If you travel the Great Plains, you will see vast fields of corn, soybeans, wheat, and other crops—mile upon mile for hundreds of miles of food for the nation and the world. If you are lucky, you will see a seed corn farm—the place where the product is grown not for consumption, but to seed the next crop for production. Sometimes seed farms are labeled as such, but you can recognize corn seed farms by the crops if you are there in August, after the tassels are out: corn crops meant for seed are grown by alternating varieties, several rows at a time, and the tassels of one variety are gone (people are paid to “de-tassel” them as the tassels are emerging) so that only pollen from the other variety will pollinate its seeds, thus ensuring cross-fertilization and the hybrid seed that is desired. The visual result is stripes of corn field alternating between stripes with tassels (which stand taller and more delicately topped) and those without tassels (which are shorter and more bluntly topped)—the latter producing the only seed that will be harvested as seed corn.
In olden times, seed corn was often just a portion of the
crop that was set aside to ensure there would be seeds to plant in the coming
year. As such, seed corn filled a sacred role—it was a sacrifice made as a
bridge to the future. I am sure that there were many times when famished
farmers were tempted to dig into the seed corn to stave off hunger at winter’s
end. But they resisted, understanding that they “would not reap where they did
not sow” and that the grain for sowing was set apart from that for eating.
This same temptation is continually upon us even in the
modern world, as our commitment to our future is constantly tested. The young
adult must choose how much time and energy to commit to earning a living for
today and how much to devote to the education that will open doors to
opportunities for tomorrow. A philanthropist may have to choose between “giving
a man a fish so he can eat for a day” and deciding to “teach a man to fish so
he can eat for a lifetime.” A nation must choose between spending resources on
current consumption and investing them on the infrastructure that will fuel
future productivity. The world must choose between using natural resources for
food and building and jobs right now, and preserving the planet for posterity.

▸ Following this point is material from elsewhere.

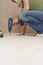 Young Woman Drilling Floor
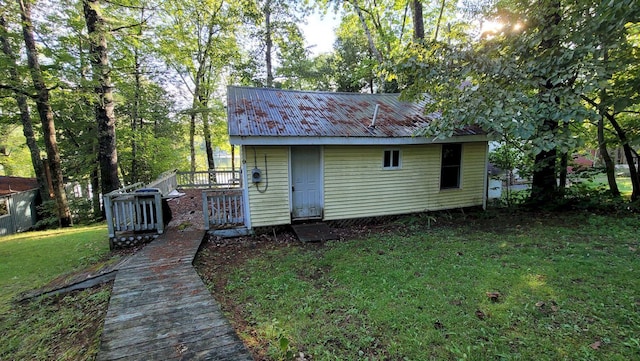 view of outbuilding featuring a yard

None of these choices requires sacrificing all of one for the other. But each
requires a sacred commitment of hope for our future. Each of us must make
individual “seed corn” investment decisions for our own lives. Some of us are
called to commit more—sometimes nearly all—of ourselves to the future, as
parents, teachers, clerics, and other servants. Sometimes the decisions are
based on preference, but, as discussed in other chapters, they are often based
on our gifts and “comparative advantages” (see the chapter on Economic
Principles).
If we aren’t careful, it’s easy for the choice to be biased
toward one direction—the here and now. Consumption of feed corn results in the
immediate gratification of “Yum, this is good.” Service as feed corn, on the
other hand, takes patience and perseverance and faith as you must wait for the
passage of winter before you can be planted, wait for the time it takes to
germinate and grow, and trust in the timely arrival of sun and rain. I hope
that you always have the patience, the self-discipline, and the courage to
preserve and honor the seed corn within and among you.